Getting Started
speech-swift provides on-device AI speech processing for macOS on Apple Silicon. Models run locally using MLX (Metal GPU) and CoreML (Neural Engine) with no network calls required.
Requirements
- macOS 14+ (Sonoma or later)
- Apple Silicon (M1, M2, M3, M4 series)
- Xcode 15.4+ / Swift 6.0+
- 8 GB RAM minimum (16 GB recommended for larger models)
Installation
Swift Package Manager
Add speech-swift to your Package.swift dependencies:
dependencies: [
.package(url: "https://github.com/soniqo/speech-swift", from: "1.0.0")
]
Then add the modules you need to your target:
.target(
name: "MyApp",
dependencies: [
.product(name: "Qwen3ASR", package: "speech-swift"),
.product(name: "Qwen3TTS", package: "speech-swift"),
.product(name: "SpeechVAD", package: "speech-swift"),
// ... add any modules you need
]
)
Available Modules
| Module | Description |
|---|---|
Qwen3ASR | Speech-to-text (Qwen3-ASR) |
ParakeetASR | Speech-to-text (Parakeet TDT, CoreML) |
Qwen3TTS | Text-to-speech (Qwen3-TTS) |
CosyVoiceTTS | Text-to-speech (CosyVoice3, multilingual) |
KokoroTTS | Text-to-speech (Kokoro-82M, CoreML, iOS-ready) |
PersonaPlex | Speech-to-speech (PersonaPlex 7B) |
SpeechVAD | VAD (Silero + Pyannote), diarization, speaker embeddings |
SpeechEnhancement | Noise suppression (DeepFilterNet3, CoreML) |
AudioCommon | Shared protocols, audio I/O, HuggingFace downloader |
Building from Source
Clone the repository and build:
git clone https://github.com/soniqo/speech-swift.git
cd speech-swift
make build
Important
make build compiles the MLX Metal shader library automatically.

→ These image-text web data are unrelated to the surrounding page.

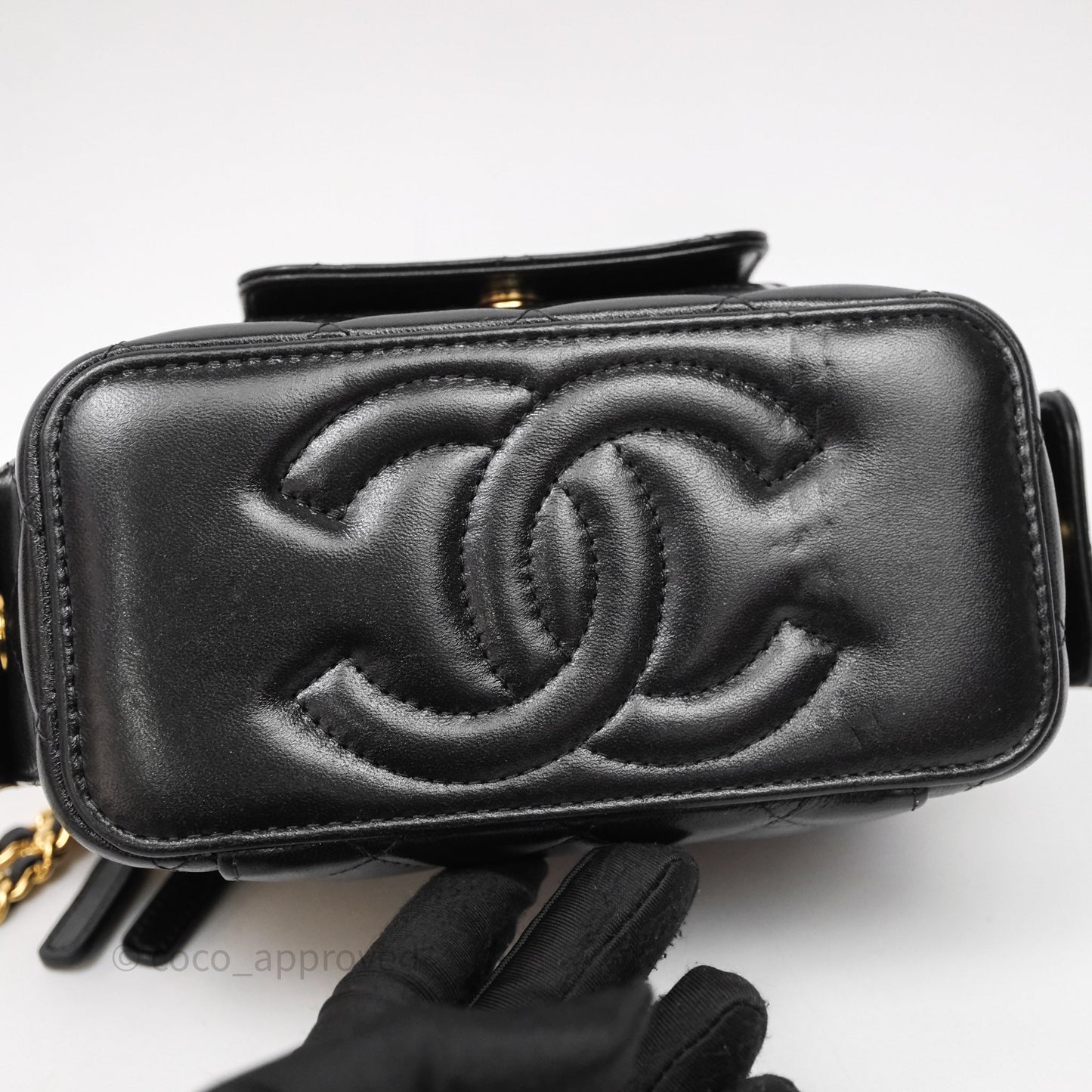 Chanel Quilted Top Handle Pocket Vanity Case Black Shiny Lambskin Bag Gold Hardware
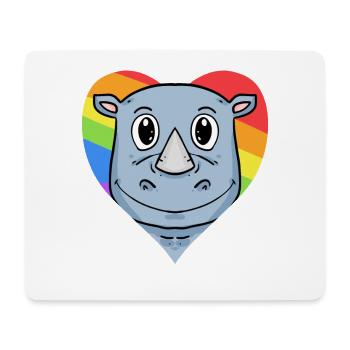 Nashorn Lgbt Regenbogen Farben - Mousepad (Querformat) - Weiß - Vorne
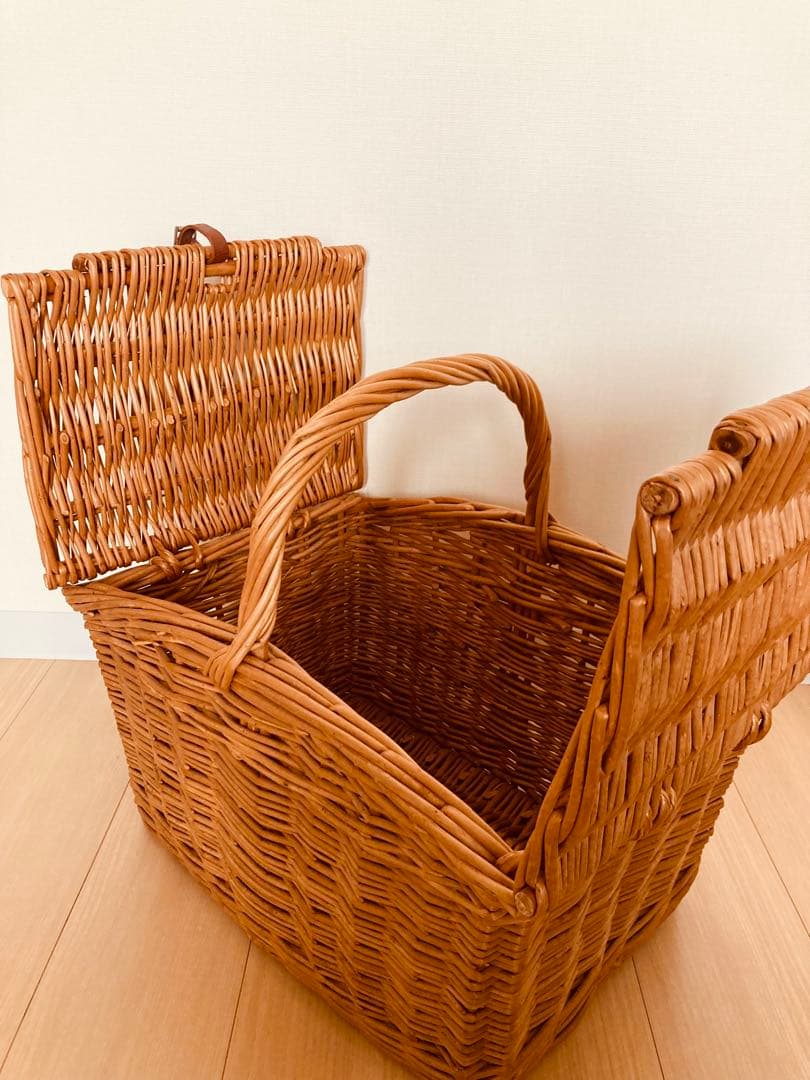 籐製 ピクニックバスケット　ヴィンテージ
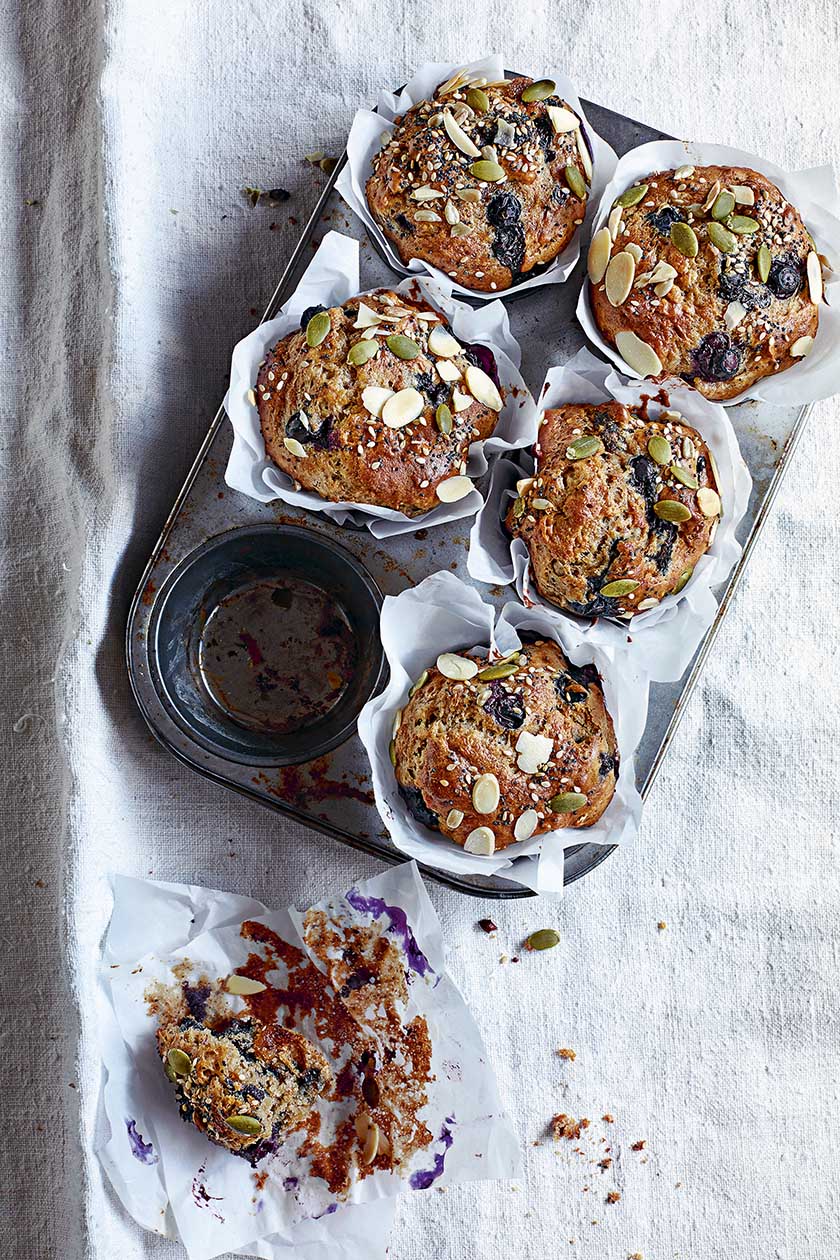 Blueberry and almond breakfast muffins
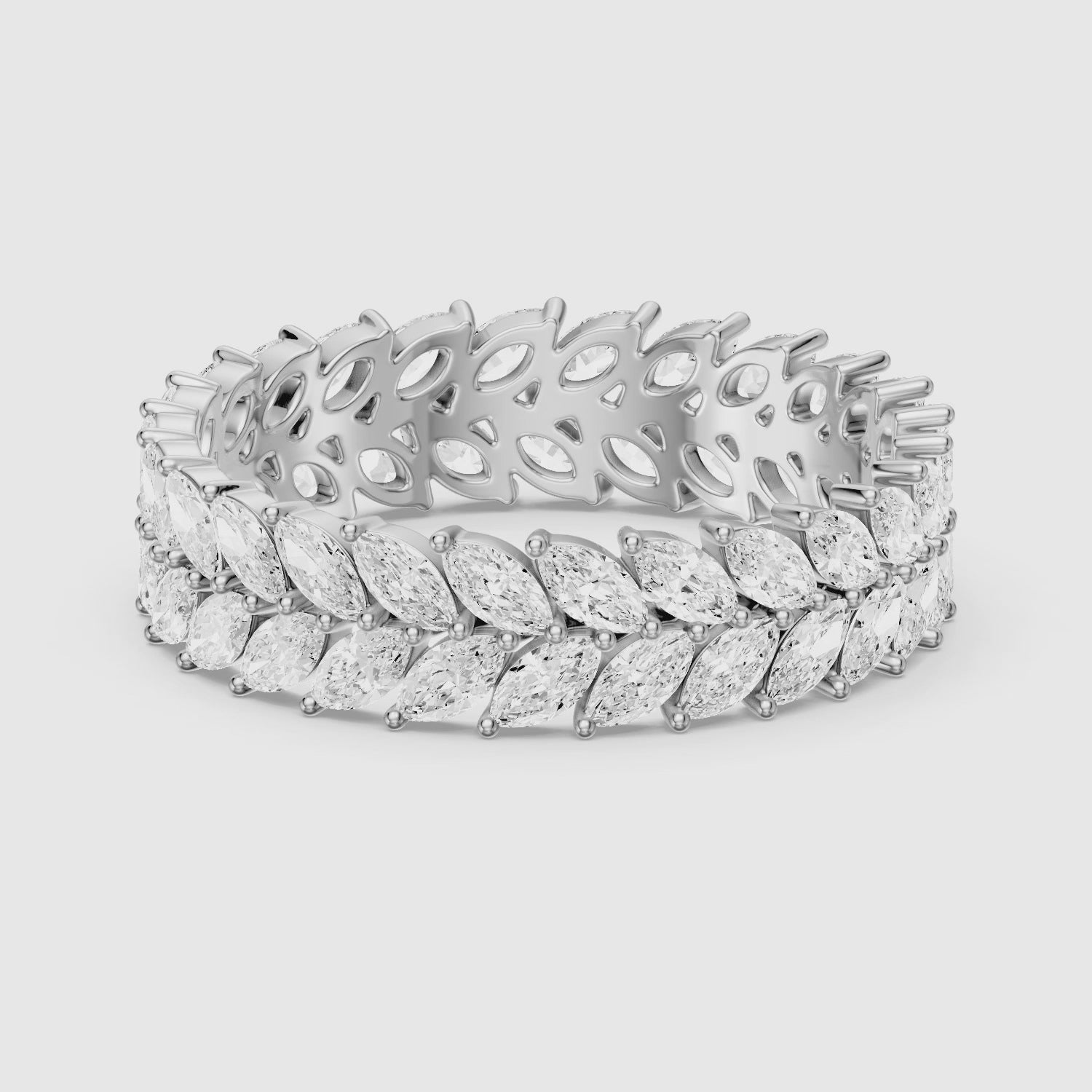 Load video: Elle Double Row Marquise Lab Grown Diamond Eternity Band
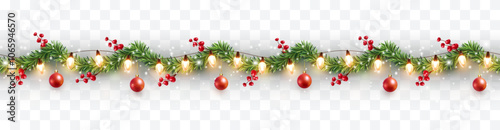 Border with green fir branches, red balls, berries, gold lights isolated on transparent background. Pine, xmas evergreen plants seamless banner. Vector Christmas tree garland decoration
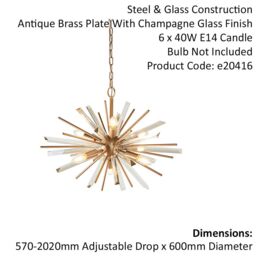 Loops Large Antique Brass Ceiling Pendant Light - 6 Bulb Hanging Fitting - Prism Glass in Clear - thumbnail 2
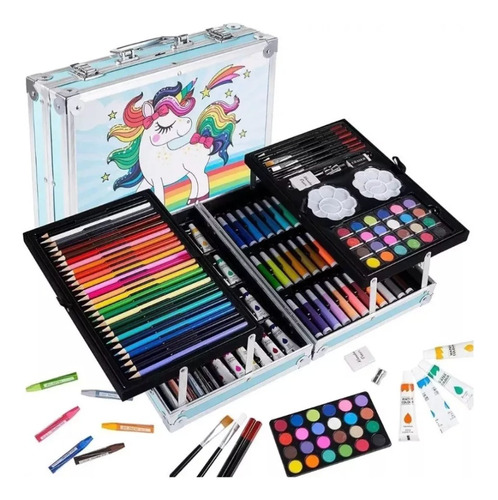 Kit De Arte Dibujo Infantil 145 Piezas En Maleta Doble Piso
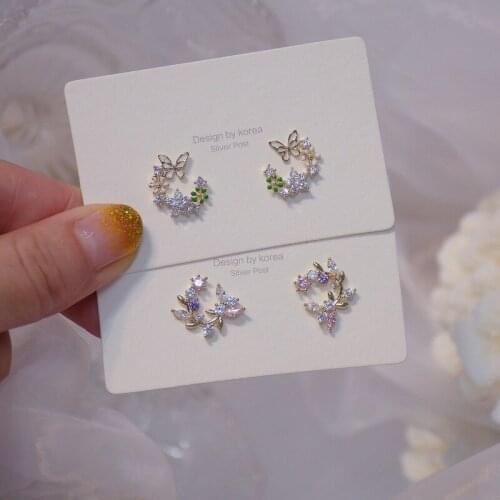 Romantic 14K Gold Plated Small Flower Zircon Earrings for Women Elegant French Style Handmade Earring Korean Fashion Jewelry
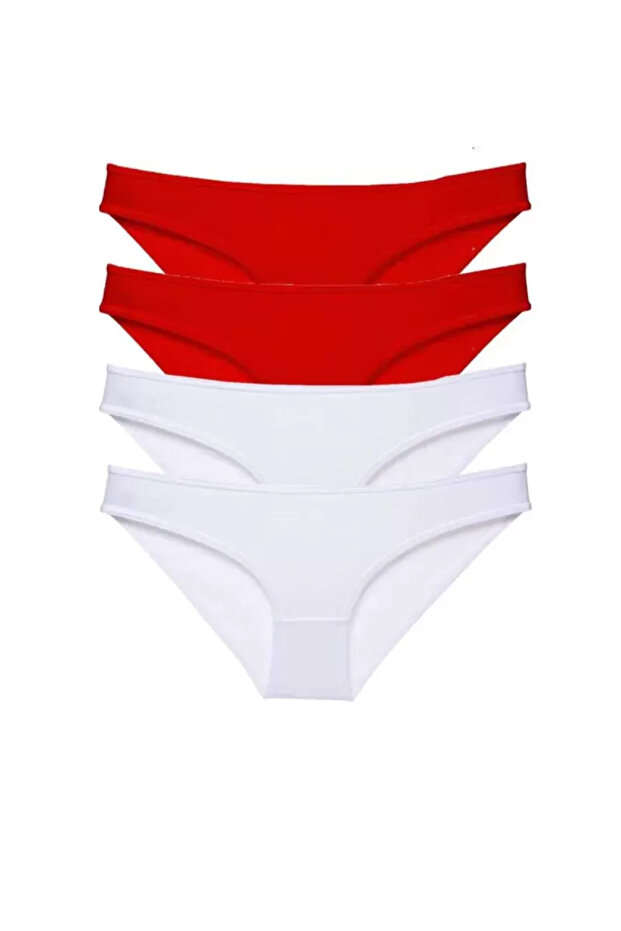 4 Pieces Super Eco Set Lycra Women's Slip Panties Red White
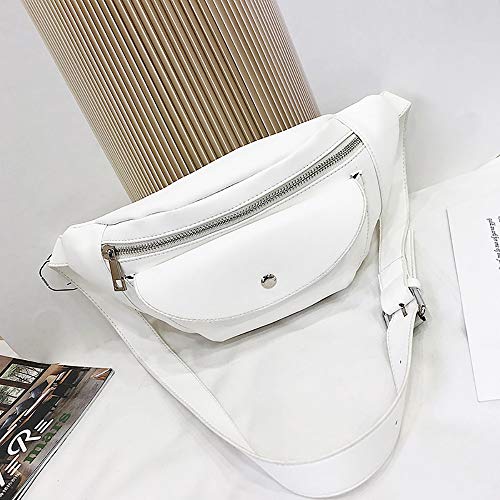 Goddessvan Waist Bag for Womens Fanny Packs Fashion Flap Crossbody Bags Quilted Belt Bag Ladies Waist Purse White - Thumbnail 2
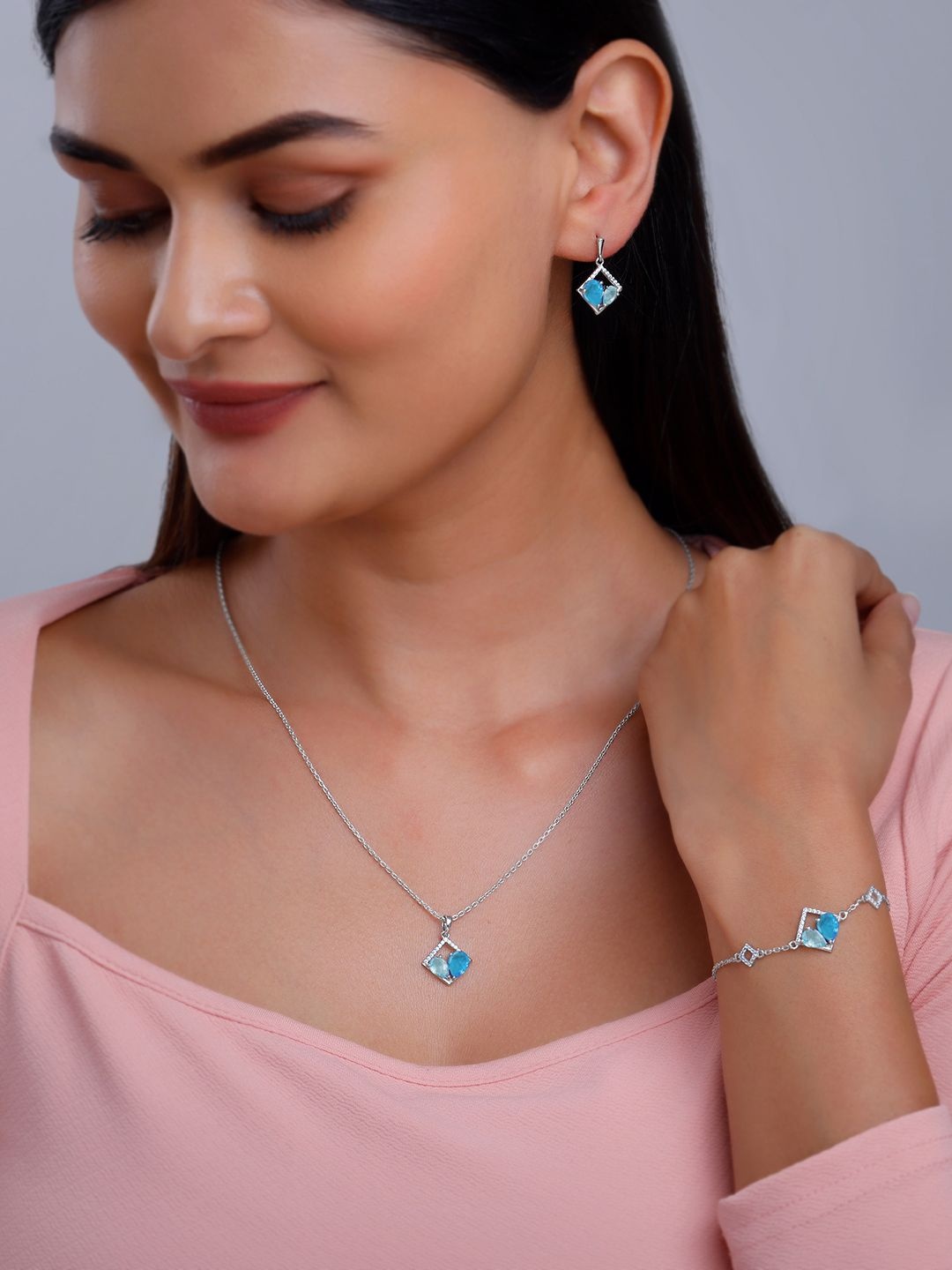

GIVA 925 Sterling Silver Rhodium-Plated Zircon Studded Met Love Jewellery Set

Without it, GPU inference runs ~5x slower due to JIT shader compilation.
Quick Start: Transcribe Audio
CLI
# Transcribe a WAV file
.build/release/audio transcribe recording.wav
Swift API
import Qwen3ASR
let model = try await Qwen3ASRModel.loadFromHub()
let result = try await model.transcribe(audioFile: "recording.wav")
print(result.text)
Models are downloaded automatically from HuggingFace on first use and cached in ~/Library/Caches/qwen3-speech/.
Quick Start: Text-to-Speech
CLI
# Generate speech
.build/release/audio speak "Hello, world!" --output hello.wav
Swift API
import Qwen3TTS
let model = try await Qwen3TTSModel.loadFromHub()
let audio = try await model.speak("Hello, world!")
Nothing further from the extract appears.